Um 15.55 Uhr meldet sich Göring wieder telefonisch aus Berlin, der ungeduldige Reichsfeldmarschall will wissen, ob Schuschnigg schon zurückgetreten sei und ob Seyß-Inquart schon den Auftrag zur Regierungsbildung erhalten habe; nochmals betont er, dass dies eine „unumstößliche Forderung des Reiches“ sei. Seyß-Inquart vertröstet Göring mit der Antwort auf 17.30 Uhr, spätestens dann wisse er Bescheid. Inzwischen haben Schuschnigg und seine Diplomaten vergeblich versucht, Unterstützung bei den Westmächten zu finden. Aus London kommt knapp nach 16.30 Uhr eine wenig ermutigende Antwort: „Die Regierung Seiner Majestät kann die Verantwortung nicht übernehmen, dem Kanzler zu raten, einen Kurs einzuschlagen, der sein Land Gefahren aussetzen könnte, für die die Regierung Seiner Majestät nicht in der Lage ist, Schutz garantieren zu können“ – wohlgesetzte Worte, die die Wahrheit nicht verhüllen können: Chamberlain ist bereit, Österreich zu opfern. Frankreich und Italien folgen ihm mit Tatenlosigkeit; die Bewunderung für den „Führer“ ist noch groß …

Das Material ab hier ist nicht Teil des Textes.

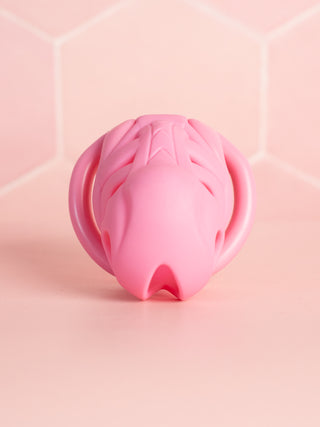 A front on view of the Serpents Hold Cock Cage, the open end is designed for air flow, urination and cleaning.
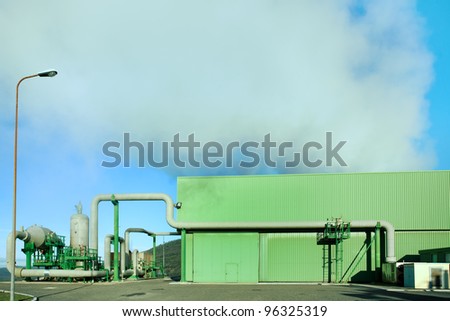 Geothermal energy. A steam coming out from a small green power plant.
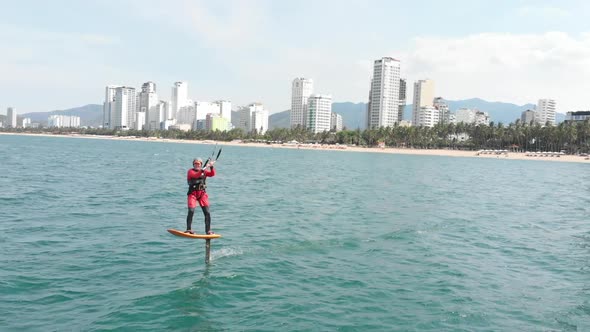 Professional Kite Surfer on the Sea Wave, Athlete Showing Sport Trick Jumping with Kite and Board in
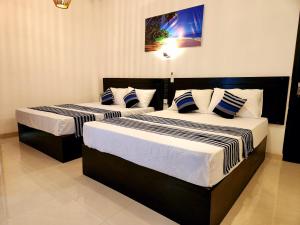 Postel nebo postele na pokoji v ubytování Sun sea guest home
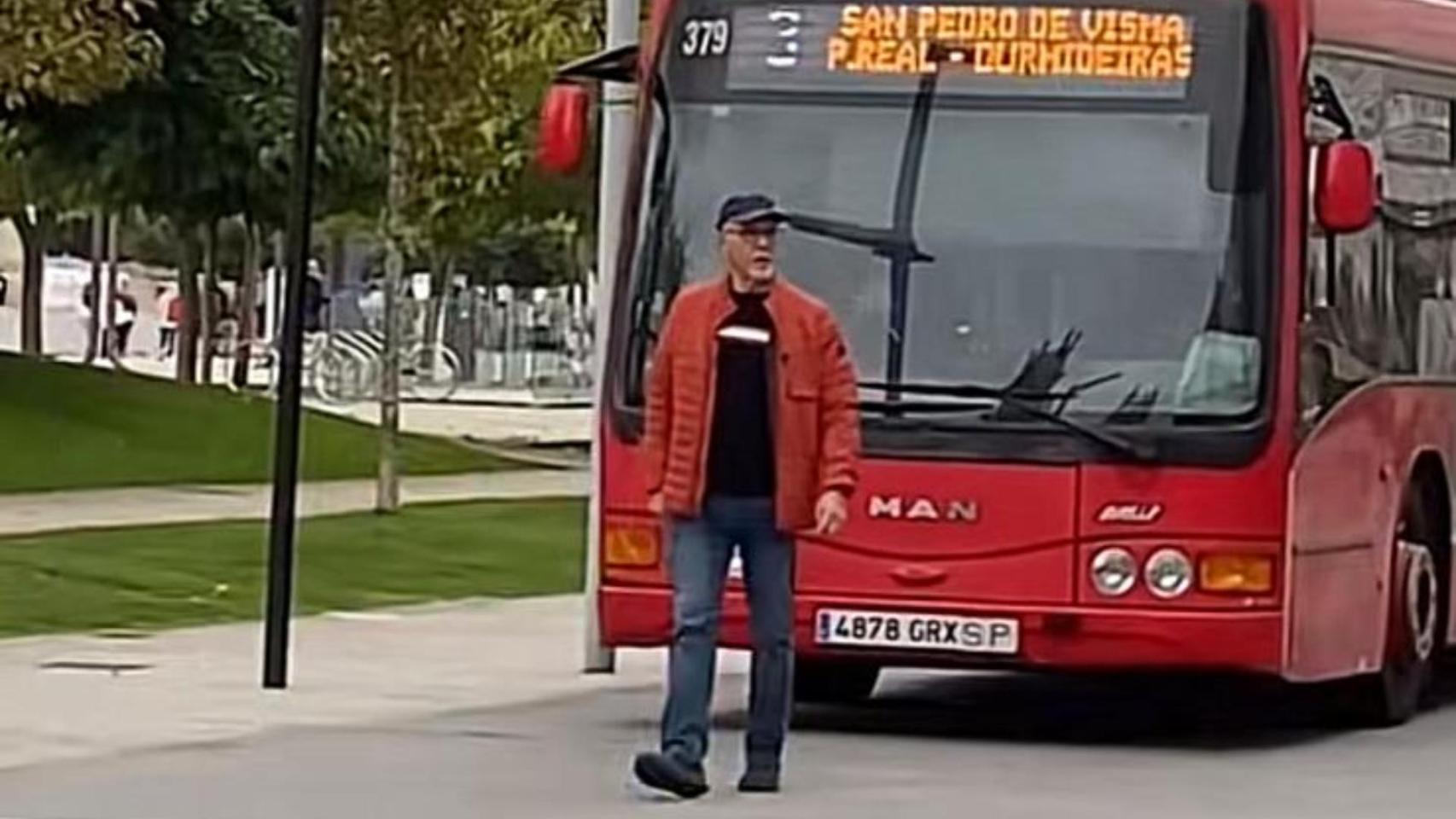 Un hombre pasea por la carretera de la Marina sin darse cuenta de que tiene un bus detrás
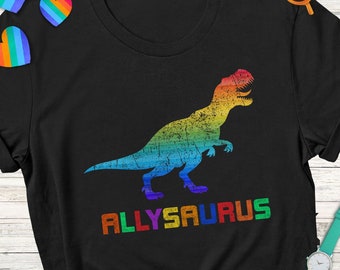 May include: Black t-shirt featuring a rainbow-colored dinosaur graphic with the text "ALLYSAURUS". The design has a distressed, vintage look. The shirt is a crew neck style.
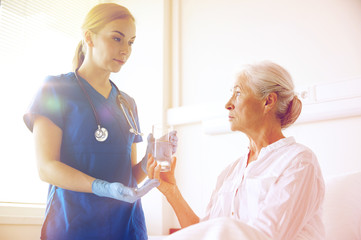 nurse giving medicine to senior woman at hospital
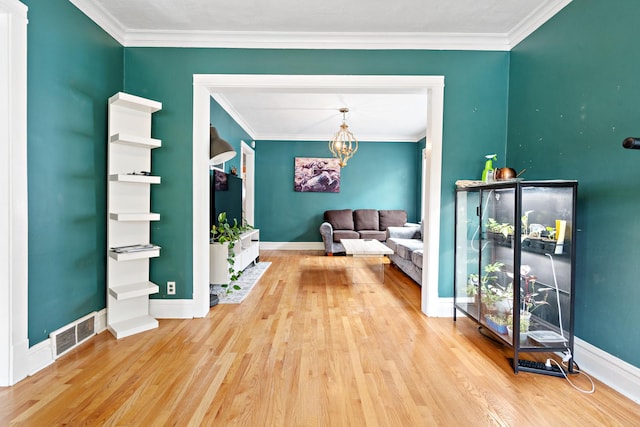 interior space featuring hardwood / wood-style flooring and crown molding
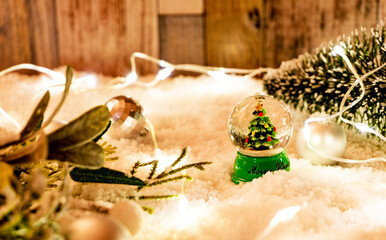 Snow globe and illuminations on the snow. 雪上のスノードームとイルミネーション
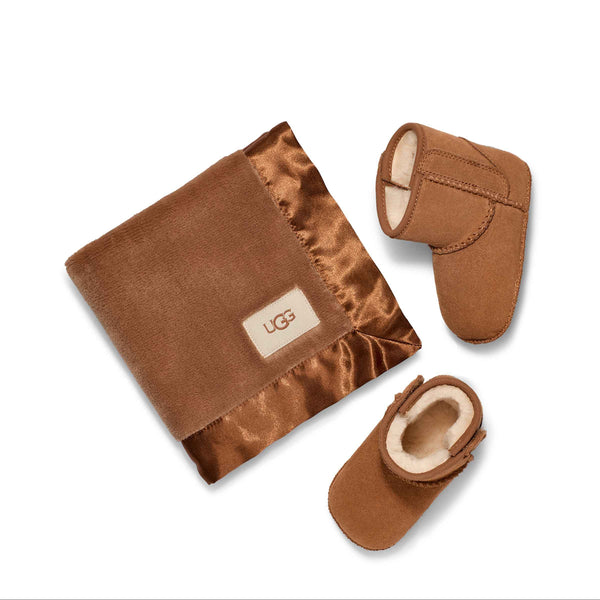 Brown baby booties and blanket with UGG logo on a white background
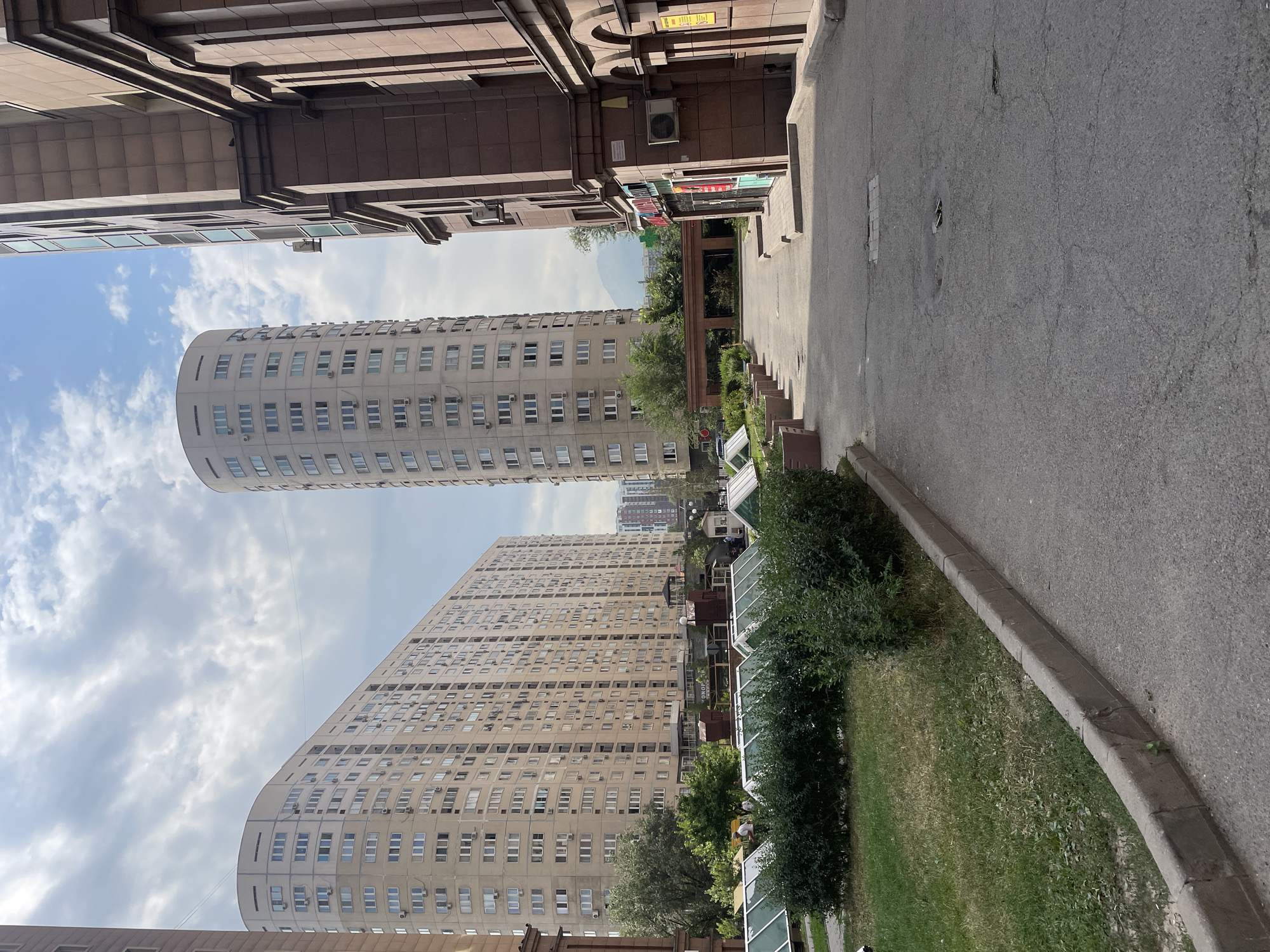 The image depicts a street scene in Almaty, Kazakhstan, likely in a residential or commercial area characterized by modern architecture. In the foreground, a paved walkway curves to the right, bordered by a grass strip and hedges. Several low, rectangular structures with glass roofs are visible in the grass area, possibly representing greenhouses or skylights for underground spaces.
Dominating the mid-ground and background are several large, multi-story buildings. On the left, a long, curved building with numerous windows and air conditioning units extends across the frame. To its right, a cylindrical tower building, also featuring many windows and visible air conditioning units, stands tall. In the far background, another residential building is visible, as is a mountain range under a cloudy sky.
On the right side of the image, a brown, stone-clad building with arched entrances and windows occupies the edge of the frame. A street sign and storefront signage are partially visible on this building. The overall impression is one of an urban environment with a mix of residential and commercial structures, situated in a city with mountainous surroundings. The lighting suggests it is daytime, with scattered clouds in the sky. There are no people clearly visible in action, though a few figures may be present in the distance.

Rainers „Verbindungsmann“ Globocnik beobachtet die Vorgänge im Bundeskanzleramt mit Ungeduld, ihm geht das alles zu langsam. Er beschließt, das Lokal zu wechseln: Gemeinsam mit Freund „Friedl“ fährt er zur deutschen Gesandtschaft in der Metternichgasse; im Auto unterrichtet er Rainer über die Lage am Ballhausplatz; die beiden sind entschlossen, die „Sache“ etwas zu beschleunigen. In der deutschen Gesandtschaft angekommen, lässt sich Globocnik sofort mit Göring verbinden; um Punkt 17 Uhr steht die Leitung – jetzt will er zeigen, was er kann. Er beginnt das Gespräch mit dem Generalfeldmarschall.
Globocnik: „Ich muss Folgendes melden: Also, Seyß-Inquart hat mit dem Bundeskanzler bis 16.30 Uhr gesprochen. Er ist aber nicht in der Lage, das Kabinett bis 17.30 Uhr aufzulösen, weil es technisch nicht geht.“
Göring zeigt sich kompromissbereit: „Bis 19.30 Uhr muss das Kabinett gebildet sein … Ist der Seyß-Inquart da?“
Globocnik: „Der ist eben nicht da. Der ist in der Verhandlung. Darum hat er mich hergeschickt, das zu telefonieren.“ Er will noch etwas gegen einen Einmarsch der Österreichischen Legion sagen, doch Göring, dem die Befindlichkeit der österreichischen Nazis ziemlich egal ist, unterbricht ihn.
Göring: „Davon ist nicht die Rede! Ich will wissen, was los ist. Hat er Ihnen gesagt, daß er Bundeskanzler ist?“
Globocnik sucht sein Heil in der knappen Lüge: „Jawohl!“
Göring: „Ist ihm übertragen worden?“
Globocnik: „Jawohl!“
Göring: „Jawohl! Weiter! Bis wann kann er das Kabinett bilden?“
Globocnik: „Das Kabinett kann er bis 9.15 Uhr vielleicht … “ Göring will keine weiteren Verzögerungen: „Das Kabinett muss bis halb acht gebildet sein.“
Globocnik erzählt ihm daraufhin, dass inzwischen die Partei mit all ihren Gliederungen wieder erlaubt worden sei und SS und SA als eine Art von „Hilfspolizei“ auf den Straßen „Dienst“ tun würden. Den Generalfeldmarschall interessiert aber nur die angeblich schon stehende neue Regierung:
Göring: „Da bringt der Keppler die Namen. Ich habe da noch vergessen: Fischböck, Fischböck muss Handel und Wirtschaft bekommen.“
Globocnik willfährig: „Selbstverständlich, das ist doch klar.“
Göring: „Kaltenbrunner soll das Sicherheitswesen bekommen und Beyer soll die Wehrmacht bekommen.